Your Pandemic Journal
This is an opportunity to write history!

Today’s Activities

Engage

You’re living through history! Write about it!

Write it down. Keep a pandemic journal. – Washington Post

Not only are you writing for yourself, but you’re allowing others the chance to know about these unique times.  You’re writing history!

Explore

How have others written about their own unique experiences in the past?

In 79 A.D.,  Pliny the Younger watched as Mount Vesuvius erupted across the bay from his home in Naples.  His description of the account gives us a sense of what he experienced.

The Destruction of Pompeii, 79 AD

Giovanni Boccaccio lived through the bubonic plague as it swept through his city of Florence in 1348.  

The Black Death, 1348

Daniel Defoe, the author of Robinson Crusoe, lived through a subsequent wave of the bubonic plague as it attacked London in 1722  His journal not only provides insight to his encounter with the plague but provides parallels and perhaps pointers for our own experiences with COVID-19.

What Can Daniel Defoe’s “Plague Year” Teach Us About Coronavirus?

And, of course, the diary of Anne Frank has made us all aware of the humanity of people who suffered through the holocaust of World War II.  You can read more about her here as well as discover other diaries written by young people during that era. 

The diary

Explain

Reading Primary Sources

You’ve just read excerpts from four very different primary sources describing the unique times the writers experienced.  Which one touched you the most?  Which one described a period in history you would like to know more about?  

The following link includes a variety of contemporary sources from 1898 when the bubonic plague reached San Francisco.  

Bubonic Plague in Chinatown

Skim through a couple of the articles.  Does anything sound familiar to the kind of unsound theories people share today?

Elaborate

Now it’s time to write your own first-hand account of living through a pandemic.

Journal Writing: A Short Course

This link will help you get started writing.  Set aside a time of day to write – it doesn’t have to be for long – fifteen minutes is fine.  

Here are more tips on writing in a journal. 

18 Life-Changing Tips For Keeping A Journal

Think about how your experience of sheltering in place has changed over time.  How do you feel now compared to the end of March?  How has this affected the people you know and care about?  Write about it.

Extend

Types of journals and other types of writing

Nature journal:
While your own feelings and experience are important, you can also write about what you observe.  For the first time for many of us, we have the opportunity to observe the natural world over an extended period of time.

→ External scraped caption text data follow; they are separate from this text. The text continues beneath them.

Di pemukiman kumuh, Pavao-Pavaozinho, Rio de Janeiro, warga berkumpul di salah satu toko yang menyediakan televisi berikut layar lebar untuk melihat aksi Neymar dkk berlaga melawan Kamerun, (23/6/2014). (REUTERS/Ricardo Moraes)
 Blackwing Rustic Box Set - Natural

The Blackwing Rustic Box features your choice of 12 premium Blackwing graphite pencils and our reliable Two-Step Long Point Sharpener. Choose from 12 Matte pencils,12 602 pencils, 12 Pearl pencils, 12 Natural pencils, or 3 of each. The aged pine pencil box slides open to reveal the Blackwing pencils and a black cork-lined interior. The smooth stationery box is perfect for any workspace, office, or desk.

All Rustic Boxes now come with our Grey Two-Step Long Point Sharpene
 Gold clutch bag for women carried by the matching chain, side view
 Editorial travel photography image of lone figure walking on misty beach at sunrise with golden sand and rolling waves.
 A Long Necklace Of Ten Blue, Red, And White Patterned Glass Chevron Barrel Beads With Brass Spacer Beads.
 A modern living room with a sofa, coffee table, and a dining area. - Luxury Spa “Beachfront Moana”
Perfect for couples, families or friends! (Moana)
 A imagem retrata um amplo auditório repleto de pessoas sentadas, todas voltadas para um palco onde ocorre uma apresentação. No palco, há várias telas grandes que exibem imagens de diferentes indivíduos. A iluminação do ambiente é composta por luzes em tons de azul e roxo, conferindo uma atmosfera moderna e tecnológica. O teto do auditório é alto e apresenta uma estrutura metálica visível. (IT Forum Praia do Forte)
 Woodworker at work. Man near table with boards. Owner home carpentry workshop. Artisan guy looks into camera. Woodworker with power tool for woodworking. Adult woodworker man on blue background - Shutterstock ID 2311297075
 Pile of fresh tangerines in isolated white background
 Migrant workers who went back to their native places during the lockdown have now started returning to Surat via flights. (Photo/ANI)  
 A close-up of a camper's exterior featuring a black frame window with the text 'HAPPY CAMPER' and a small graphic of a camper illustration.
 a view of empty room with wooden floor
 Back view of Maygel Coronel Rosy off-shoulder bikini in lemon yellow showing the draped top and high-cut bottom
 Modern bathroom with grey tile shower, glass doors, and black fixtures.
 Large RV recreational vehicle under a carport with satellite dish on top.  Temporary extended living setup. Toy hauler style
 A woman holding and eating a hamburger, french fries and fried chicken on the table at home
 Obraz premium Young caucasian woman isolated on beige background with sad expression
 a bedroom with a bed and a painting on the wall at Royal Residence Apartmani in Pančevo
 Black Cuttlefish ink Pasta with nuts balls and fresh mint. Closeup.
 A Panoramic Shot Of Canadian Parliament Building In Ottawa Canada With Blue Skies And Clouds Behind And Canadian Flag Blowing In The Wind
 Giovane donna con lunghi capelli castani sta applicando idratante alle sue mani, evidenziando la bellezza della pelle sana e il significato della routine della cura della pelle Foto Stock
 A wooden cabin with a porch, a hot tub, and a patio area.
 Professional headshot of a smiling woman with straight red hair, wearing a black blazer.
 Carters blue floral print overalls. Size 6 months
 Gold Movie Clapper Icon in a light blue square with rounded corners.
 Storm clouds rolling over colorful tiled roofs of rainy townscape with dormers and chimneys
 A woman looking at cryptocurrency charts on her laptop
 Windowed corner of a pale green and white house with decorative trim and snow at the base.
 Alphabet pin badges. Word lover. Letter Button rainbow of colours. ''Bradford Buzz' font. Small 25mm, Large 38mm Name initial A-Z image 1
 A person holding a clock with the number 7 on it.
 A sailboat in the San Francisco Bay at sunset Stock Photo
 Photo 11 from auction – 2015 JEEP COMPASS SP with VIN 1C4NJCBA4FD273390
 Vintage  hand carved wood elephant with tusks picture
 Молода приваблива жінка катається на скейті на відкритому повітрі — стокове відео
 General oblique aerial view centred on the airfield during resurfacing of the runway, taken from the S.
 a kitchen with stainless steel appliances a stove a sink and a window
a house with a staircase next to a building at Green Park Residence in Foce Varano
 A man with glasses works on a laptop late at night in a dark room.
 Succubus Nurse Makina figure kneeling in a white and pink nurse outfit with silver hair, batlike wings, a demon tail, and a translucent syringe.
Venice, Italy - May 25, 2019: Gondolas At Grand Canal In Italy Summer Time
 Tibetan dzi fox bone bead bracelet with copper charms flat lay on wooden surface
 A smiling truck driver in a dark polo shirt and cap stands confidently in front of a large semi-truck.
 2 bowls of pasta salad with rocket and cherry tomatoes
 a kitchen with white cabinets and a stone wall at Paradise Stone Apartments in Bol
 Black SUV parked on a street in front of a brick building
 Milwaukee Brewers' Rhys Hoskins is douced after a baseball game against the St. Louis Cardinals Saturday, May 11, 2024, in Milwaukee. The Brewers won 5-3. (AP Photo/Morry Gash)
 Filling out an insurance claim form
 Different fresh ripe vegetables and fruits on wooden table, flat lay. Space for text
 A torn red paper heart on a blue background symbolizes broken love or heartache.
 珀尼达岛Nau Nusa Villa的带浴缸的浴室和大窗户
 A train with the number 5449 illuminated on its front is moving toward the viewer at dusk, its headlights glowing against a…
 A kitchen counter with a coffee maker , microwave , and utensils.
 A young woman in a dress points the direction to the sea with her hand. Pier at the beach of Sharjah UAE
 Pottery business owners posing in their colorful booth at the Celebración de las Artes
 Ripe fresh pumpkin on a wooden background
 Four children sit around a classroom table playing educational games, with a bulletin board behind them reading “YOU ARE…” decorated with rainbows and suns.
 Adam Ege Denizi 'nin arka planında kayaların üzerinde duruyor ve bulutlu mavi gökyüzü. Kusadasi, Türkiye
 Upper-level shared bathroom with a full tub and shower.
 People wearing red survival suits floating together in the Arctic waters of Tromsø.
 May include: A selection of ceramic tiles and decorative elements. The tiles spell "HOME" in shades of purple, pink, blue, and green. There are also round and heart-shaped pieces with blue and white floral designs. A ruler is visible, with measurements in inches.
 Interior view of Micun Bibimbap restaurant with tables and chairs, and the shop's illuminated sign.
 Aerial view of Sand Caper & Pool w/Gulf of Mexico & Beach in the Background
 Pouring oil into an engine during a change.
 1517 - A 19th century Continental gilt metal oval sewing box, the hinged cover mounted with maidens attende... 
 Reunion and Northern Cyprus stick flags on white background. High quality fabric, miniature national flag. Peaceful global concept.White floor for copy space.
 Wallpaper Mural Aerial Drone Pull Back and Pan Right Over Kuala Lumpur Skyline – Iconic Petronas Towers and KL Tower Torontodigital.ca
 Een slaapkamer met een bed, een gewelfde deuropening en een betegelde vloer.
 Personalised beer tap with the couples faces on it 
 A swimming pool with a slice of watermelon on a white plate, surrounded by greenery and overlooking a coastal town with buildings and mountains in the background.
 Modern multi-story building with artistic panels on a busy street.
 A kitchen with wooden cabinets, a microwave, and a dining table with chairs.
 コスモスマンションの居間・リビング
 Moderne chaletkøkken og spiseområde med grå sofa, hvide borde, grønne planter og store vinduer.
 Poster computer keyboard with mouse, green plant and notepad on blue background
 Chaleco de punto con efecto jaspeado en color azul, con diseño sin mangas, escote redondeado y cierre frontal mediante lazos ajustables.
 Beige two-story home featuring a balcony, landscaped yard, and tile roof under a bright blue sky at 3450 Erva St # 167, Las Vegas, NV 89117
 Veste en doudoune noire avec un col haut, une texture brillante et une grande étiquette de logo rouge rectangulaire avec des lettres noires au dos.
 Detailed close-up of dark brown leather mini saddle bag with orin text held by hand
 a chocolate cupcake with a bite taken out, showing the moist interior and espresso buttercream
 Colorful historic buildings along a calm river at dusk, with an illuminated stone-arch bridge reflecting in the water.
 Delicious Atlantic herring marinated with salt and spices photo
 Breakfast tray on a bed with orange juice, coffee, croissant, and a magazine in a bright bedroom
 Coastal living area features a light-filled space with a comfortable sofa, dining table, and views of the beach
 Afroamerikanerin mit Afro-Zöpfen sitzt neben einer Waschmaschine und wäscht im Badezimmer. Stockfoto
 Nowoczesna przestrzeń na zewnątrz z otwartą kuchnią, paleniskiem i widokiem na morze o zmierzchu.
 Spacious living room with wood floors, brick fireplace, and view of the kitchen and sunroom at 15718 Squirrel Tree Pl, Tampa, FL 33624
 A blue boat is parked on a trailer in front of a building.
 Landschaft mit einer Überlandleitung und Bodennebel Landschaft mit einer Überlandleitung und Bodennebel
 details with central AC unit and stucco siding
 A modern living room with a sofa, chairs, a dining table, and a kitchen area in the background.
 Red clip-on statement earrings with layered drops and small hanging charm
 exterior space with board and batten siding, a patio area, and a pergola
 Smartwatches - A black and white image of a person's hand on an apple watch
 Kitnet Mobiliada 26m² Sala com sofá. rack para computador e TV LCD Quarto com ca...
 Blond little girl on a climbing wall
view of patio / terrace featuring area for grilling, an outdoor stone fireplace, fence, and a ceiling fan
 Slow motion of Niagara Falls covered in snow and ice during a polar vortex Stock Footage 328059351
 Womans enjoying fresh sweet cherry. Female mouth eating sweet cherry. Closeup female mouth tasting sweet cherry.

Keep a nature journal where you note how many different birds you see or identify the trees in your yard.  (http://leafsnap.com/ is an app that will help you identify leaves.) 

Journaling in the Natural World – Freelanced Writing

Dream journal:
Many of us are having unusually vivid dreams during this pandemic. The pandemic is giving people vivid, unusual dreams. Here’s why.

Keep a dream journal where you record what you’ve dreamed of.

And, of course, don’t limit yourself to journal writing: here are some other suggestions:

12 Ideas for Writing Through the Pandemic With The New York Times

Boccaccio used his journal to eventually write The Decameron, a collection of stories describing living through the plague.  Maybe one of your journal entries will inspire a short story or poem.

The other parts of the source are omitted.